The resistor we want to desolder and remove is R21, located here near pin 1 of the TL084. In this image, the signal path is travelling from right to left, so the right side of R21 is the junction of the VC Decay circuit and the comparator circuit. We want our external signal to pass through R21. Since my 4HP expansion will be positioned on the left of the A-142 in my rack, I want to move R21 to the solder-side of the PCB, just like in the A-119 mod above.

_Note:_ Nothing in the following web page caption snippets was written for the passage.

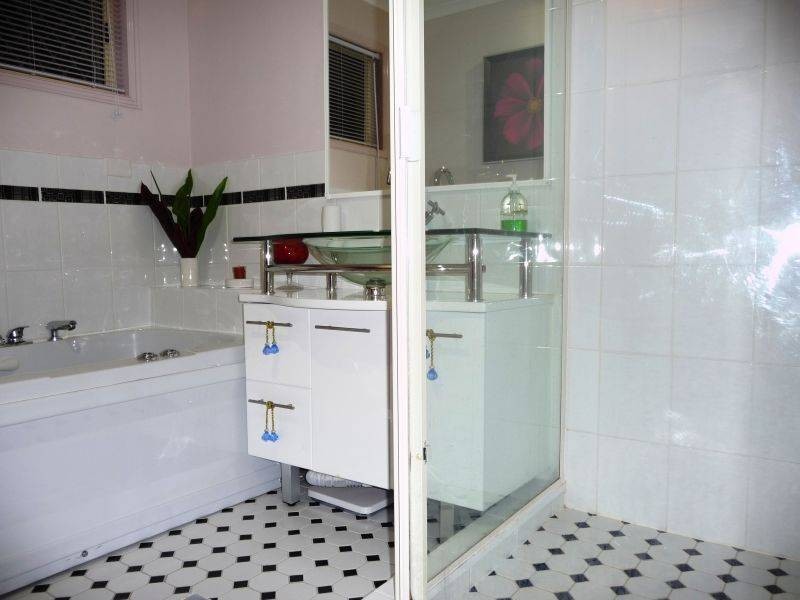 30 Blue Water Rd, Booral QLD 4655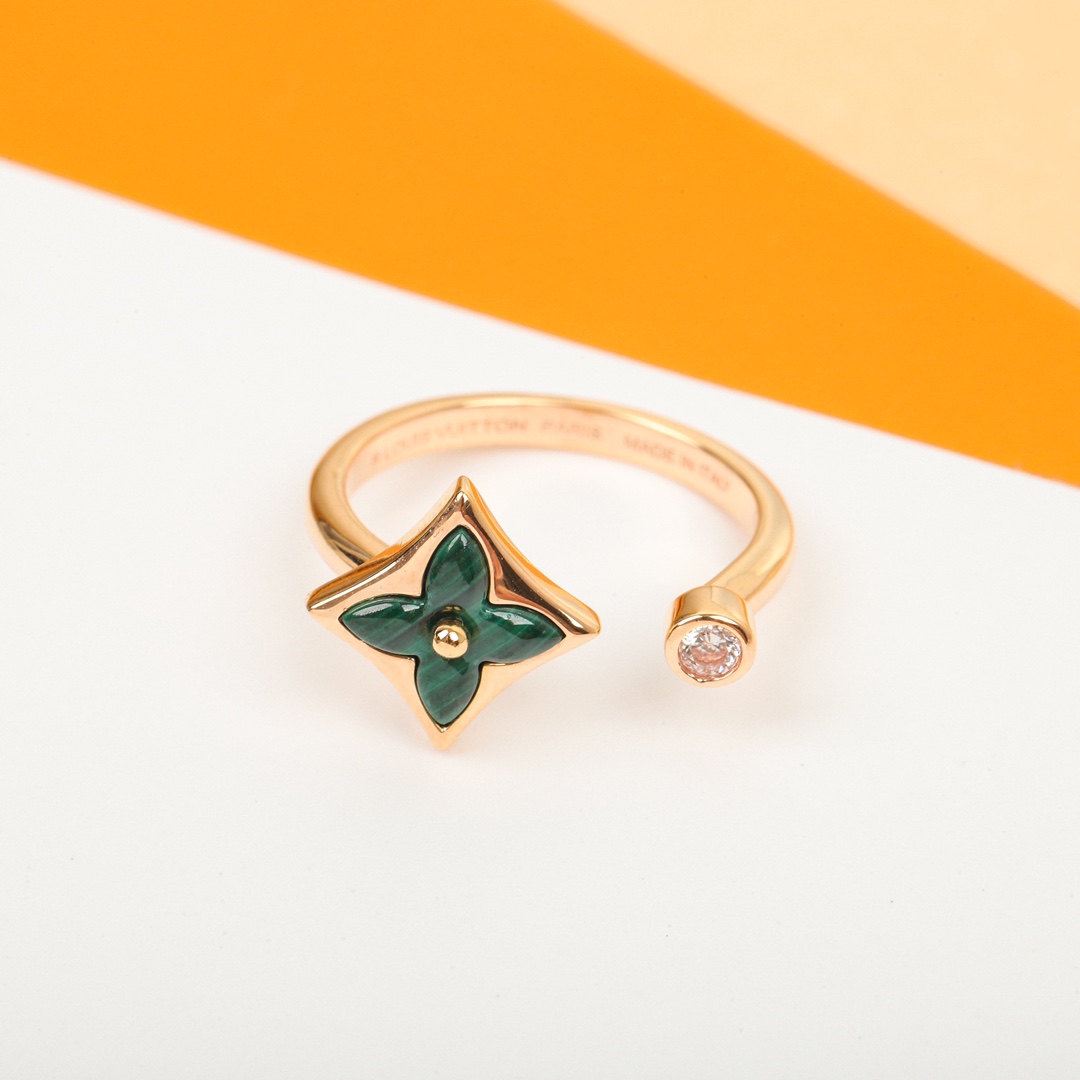 Louis Vuitton Mother-of-pearl Four-leaf Clover Ring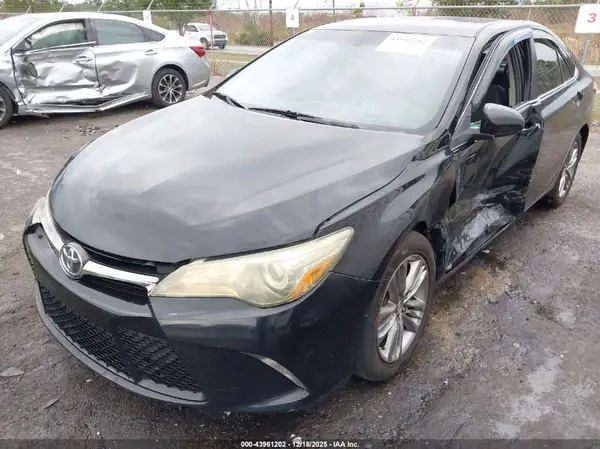 4T1BF1FK1GU163907 2016 TOYOTA CAMRY - Image 2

Basic mod: prepare a spare socket by soldering a 2" long wire to the normal pin, another 2" long wire to the switched pin, and a 2.5" wire to the ground pins as shown here. Twist together the end of the
switched wire and one end of R21 and solder together. Slide shrink tube over the switched wire. Feed the other end of R21 through the hole in the PCB (shown left, "In to Comparator") and solder in place. Move the shrink tube down to cover R21. Solder the normal wire to the other solder pad (shown left, "Out from "Env Out signal") from R21's original position. Solder the Ground wire to a GND pad on the module, pot bracket pads are good (shown left, "Ground"). Mount the socket on a blank plate.
Since I had extra holes in my plate and spare sockets, I added a few more Ins and Outs:
- a socket is connected to the Trig In socket of the A-142 and simply acts as a multiple for the Trig In source.
- a socket is connected to the CV In socket and acts as a multiple for the CV In source.
- a socket is the Comparator In socket from this mod
- a socket is connected to the "switched" signal from the Comparator In socket. If no patch cable is inserted into Comp In, this socket is a multiple of the A-142 Env Out. If a patch cable is inserted, this socket is a multiple of the inserted signal.